Saturday, March 17, 2012

"Africa, that's a Flyover Continent"

Keegan Michael Key and Jordan Peele are a couple of young, bi-racial comedians who host a new TV sketch show on Comedy Central.

The key word here is bi-racial. Both comedians have white mothers and middle-class backgrounds, personal histories that make it difficult impossible for them to identify exclusively with one or another culture. Of course, there's nothing new about biraciality en principe--ask Sally Hemmings or Barack Obama--but it remains surprisingly new and uncharted territory in America, where for centuries the one-drop rule has meant that anyone with a small percent of African ancestry is considered black. (Even the president, whose election Key and Peele cite as critical for the evolution of their own comedic perspective, self-identifies as as African American, despite having had almost no serious contact with black American culture growing up.)

What's surprising is how much comedic landscape opens up s a result. Some of Key and Peele's humor comes from the absurd expectations other people have of them: Whites expect them to be ghetto-tough and black one minute, white and conciliatory the next; blacks expect the same, only in reverse. And some of their humor amounts to a salutary criticism of a lingering adversarial culture that makes less and less sense. One sketch features Peele as a streetcorner thug bragging about his masculinity when Obama's motorcade pulls up. Obama looks the thug up and down and says:  "I'm the leader of the Free World."  Hard to out-hustle a guy who can launch hellfire missiles.

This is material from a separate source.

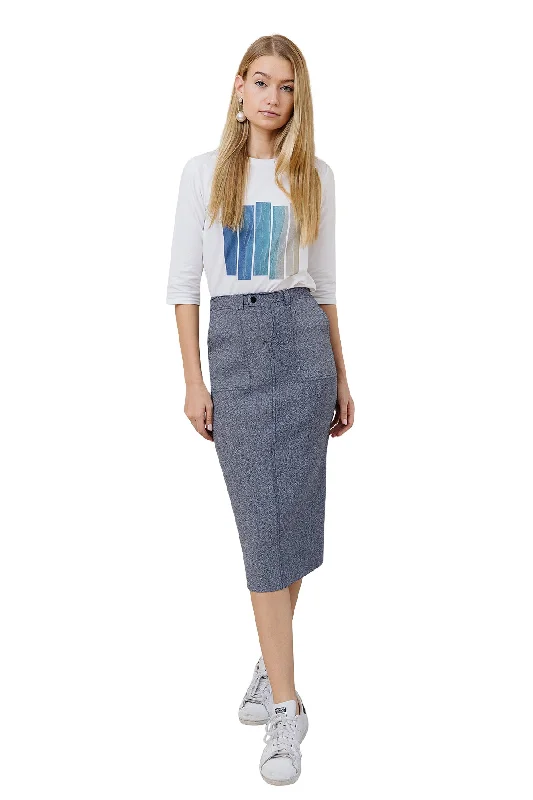 Apparalel Denim Knit Midi Pencil Skirt velvet skirt rich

But a lot of Key and Peele's jokes come from their having a critical distance toward their own "blackness." Their spoofs on black credulity and opportunism come this close to licensing racism, as if they're giving their white audience the opportunity to laugh at blacks because, as "blacks," they're allowed to say things whites wouldn't dare to say. I imagine there are some whites who enjoy their comedy for precisely that reason, just as some people thought Archie Bunker was a truth-teller. As Key and Peele become more popular, I worry that they'll come under increasing criticism from within the black community for selling out or playing blackface. I hope not. What Key and Peele are doing is much interesting than that, and they're funny in part because of how daring they are. As you laugh you're thinking--as you never do when you watch say, the vulgarities of a Comedy Central Roast--Can they say that? (Not that the roasts aren't funny; they're just not daring.)

Take the following exchange, with which they opened up one of their shows:

Welcome to the show. thank you for coming.
Uh, I am Keegan. - and I am Jordan. Hello.
And this is Key and Peele.
[cheers and applause] - AND, UH, AFRICA IS TRULY [bleep]ED UP.
You just came outta the gate with that.
IT'S [bleep]ED UP, KEEGAN.
See, and I completely disagree.
I would go to Africa right now.
No, see, there are flyover states. 
For me, Africa, that's a flyover continent.
So, you're seriously telling me you would not want to see the Nile?
No.
You would not want to see the plains of the Serengeti - no.
You would not want to see, uh, Mt. Kilimanjaro.
Kilimanjaro? - No.
You didn't. no, you did not.
I'm saying, ..
Slavery was an awful thing.
 Awful.
All I'm saying, silver lining, it got my ass out of Africa.
 Okay. - I said it.
But things are improving there, Jordan.
- it's not--it's not-- it's not different enough.
I'm sorry, no, I refuse to go to a continent that's so bad that people don't even care if there are flies on their face.
Unbelievable.

I don't want to comment on this too much. Jokes and frogs, for one thing. For another, I'm not quite sure what to make of it. Could a pair of white comics get away with saying this? Absolutely not. Could blacks? Maybe, but I've never heard any attempt it. Black comedians satirize blacks all the time--and wouldn't be doing their job if they didn't--but generally avoid doing it in ways that might embarrass their community in front of white audiences. That's where Key and Peele are ready to go. It's someplace we as a culture haven't been, and I wonder if we're ready to go there yet.